From 04dad6c6d37d741bad9946a92171bfa637e989f0 Mon Sep 17 00:00:00 2001
From: André Almeida <andrealmeid@igalia.com>
Date: Mon, 21 Oct 2024 13:37:19 -0300
Subject: unicode: Export latest available UTF-8 version number
MIME-Version: 1.0
Content-Type: text/plain; charset=UTF-8
Content-Transfer-Encoding: 8bit

Export latest available UTF-8 version number so filesystems can easily
load the newest one.

Signed-off-by: André Almeida <andrealmeid@igalia.com>
Link: https://lore.kernel.org/r/20241021-tonyk-tmpfs-v8-3-f443d5814194@igalia.com
Acked-by: Gabriel Krisman Bertazi <krisman@suse.de>
Signed-off-by: Christian Brauner <brauner@kernel.org>
---
 include/linux/unicode.h | 2 ++
 1 file changed, 2 insertions(+)

(limited to 'include/linux/unicode.h')

diff --git a/include/linux/unicode.h b/include/linux/unicode.h
index 4d39e6e11a95..0c0ab04e84ee 100644
--- a/include/linux/unicode.h
+++ b/include/linux/unicode.h
@@ -16,6 +16,8 @@ struct utf8data_table;
 	 ((unsigned int)(MIN) << UNICODE_MIN_SHIFT) |	\
 	 ((unsigned int)(REV)))
 
+#define UTF8_LATEST        UNICODE_AGE(12, 1, 0)
+
 static inline u8 unicode_major(unsigned int age)
 {
 	return (age >> UNICODE_MAJ_SHIFT) & 0xff;
-- 
cgit v1.2.3


From 142fa60f61f93805471012f24e029af6d113c5cc Mon Sep 17 00:00:00 2001
From: André Almeida <andrealmeid@igalia.com>
Date: Mon, 21 Oct 2024 13:37:20 -0300
Subject: unicode: Recreate utf8_parse_version()
MIME-Version: 1.0
Content-Type: text/plain; charset=UTF-8
Content-Transfer-Encoding: 8bit

All filesystems that currently support UTF-8 casefold can fetch the
UTF-8 version from the filesystem metadata stored on disk. They can get
the data stored and directly match it to a integer, so they can skip the
string parsing step, which motivated the removal of this function in the
first place.

However, for tmpfs, the only way to tell the kernel which UTF-8 version
we are about to use is via mount options, using a string. Re-introduce
utf8_parse_version() to be used by tmpfs.

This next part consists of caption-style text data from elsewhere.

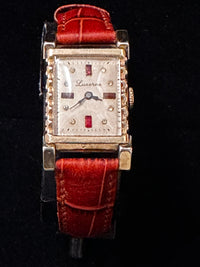 LUCERNE Unique Vintage 1940's w/ 4 Ruby & 8 Diamonds Men's Watch- $6K APR w/ COA! APR57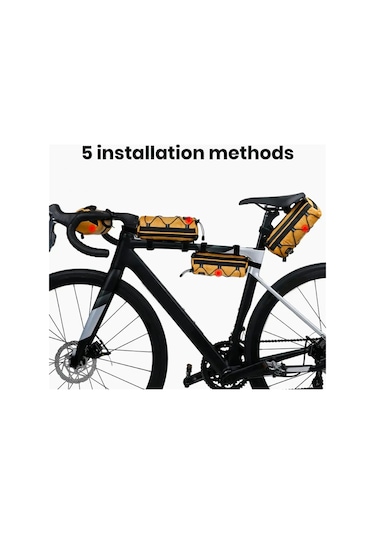 Moveevo Kahverengi Bisiklet Çantası - Yolluk Dağ Bisikleti, 420 Nilon Su Geçirmez, 25x10.5x10cm Büyük Kapasiteli El Faresi Çantası Kahverengi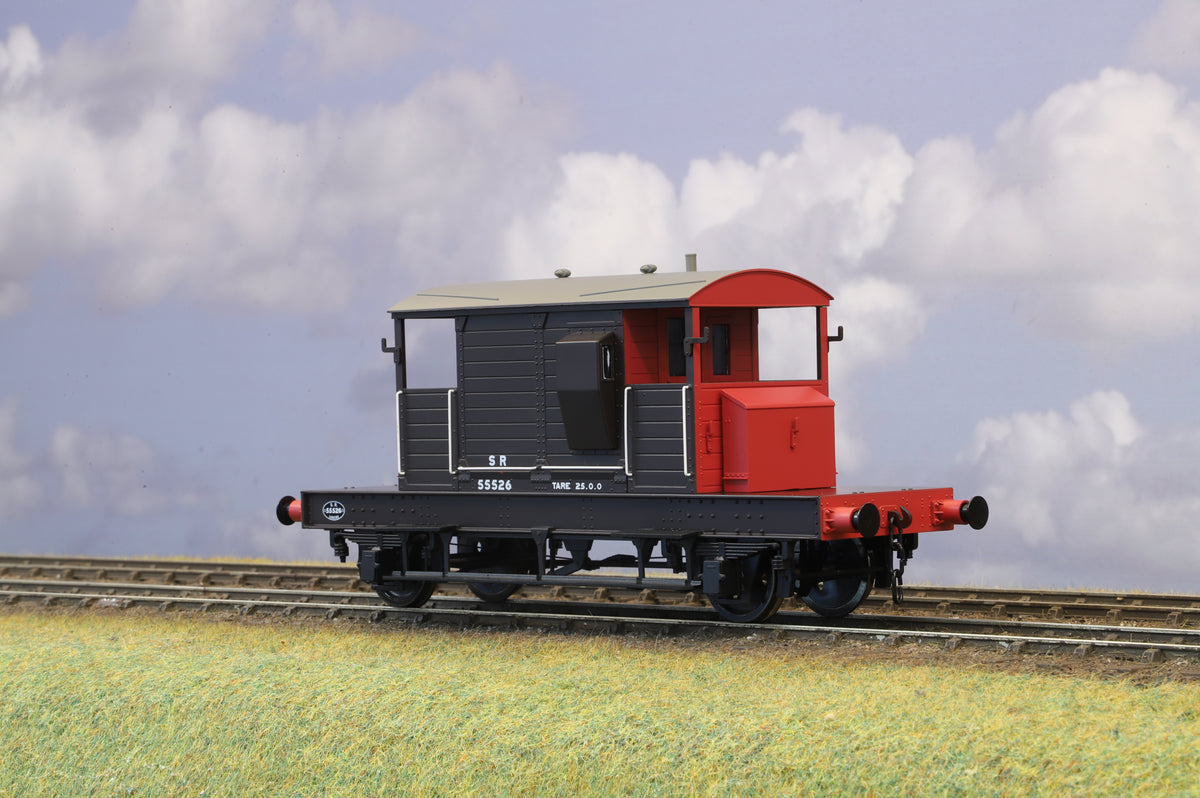 Dapol Finescale O Gauge SR Brake Van Brown/Red Small Letters Even Plank No. 55526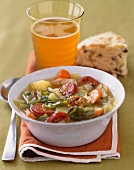 A Bowl of St. Patrick's Day Soup with Soda Bread and Beer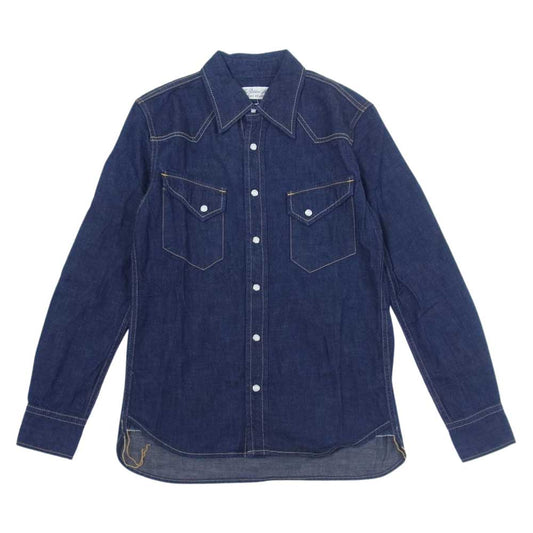 REMI RELIEF レミレリーフ ワンウォッシュ インディゴ デニム ウエスタン 長袖 シャツ インディゴブルー系 S【美品】【中古】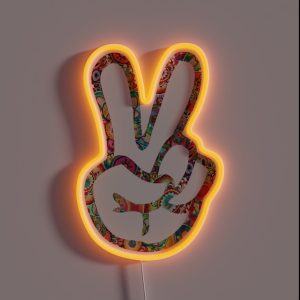 Peace Sign Hand RGB Neon Sign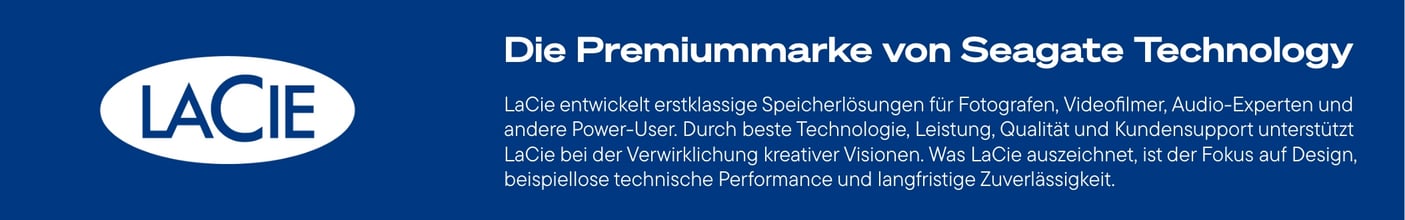  Ein horizontales dunkelblaues Banner zeigt links das weiße LaCie-Logo in einer ovalen Form und rechts den weißen Titel "Die Premiummarke von Seagate Technology" mit einem darunterstehenden weißen Text, der LaCie als Entwickler erstklassiger Speicherlösungen für Fotografen, Videofilmer, Audio-Experten und Power-User beschreibt, die durch Technologie, Leistung, Qualität und Kundensupport kreative Visionen unterstützen, mit Fokus auf Design, technische Performance und Zuverlässigkeit.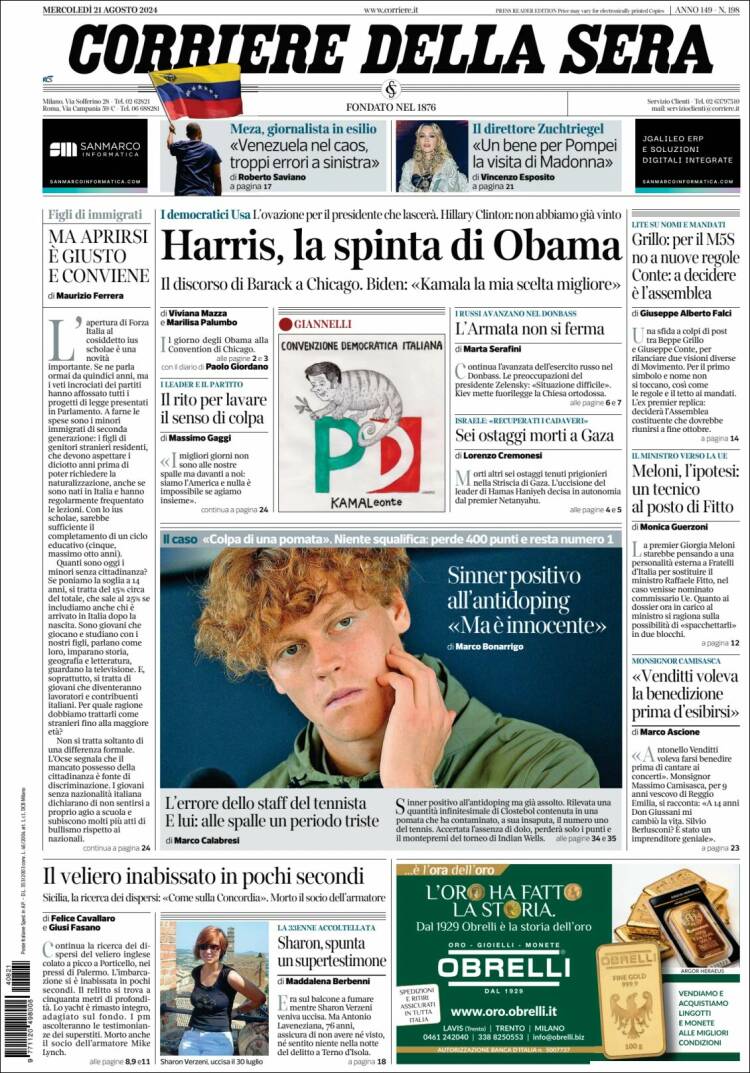 Portada de Corriere della Sera (Italia)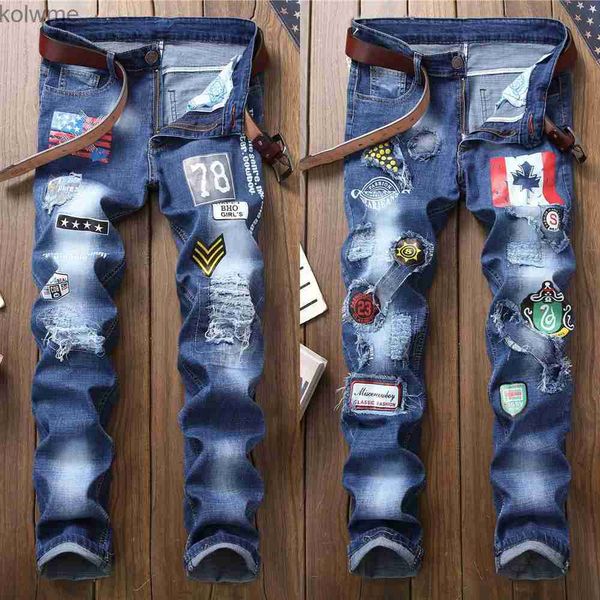 Jeans masculinos Mens Trendy Print Decors Denim PantsHigh Quality Rasgado Slim-fit Blue JeansStreet Fashion Sexy JeansDaily Casual Jeans Pants YQ240205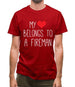 My Heart Belongs To A Fireman Mens T-Shirt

This version differs from the original by skipping the intermediate step
of copying the version string to an auxiliary string before calling
match_token(). This versions calls match_token() in the argument string.
The paramenters are simpler now as well.

utf8_parse_version() was created by 9d53690f0d4 ("unicode: implement
higher level API for string handling") and later removed by 49bd03cc7e9
("unicode: pass a UNICODE_AGE() tripple to utf8_load").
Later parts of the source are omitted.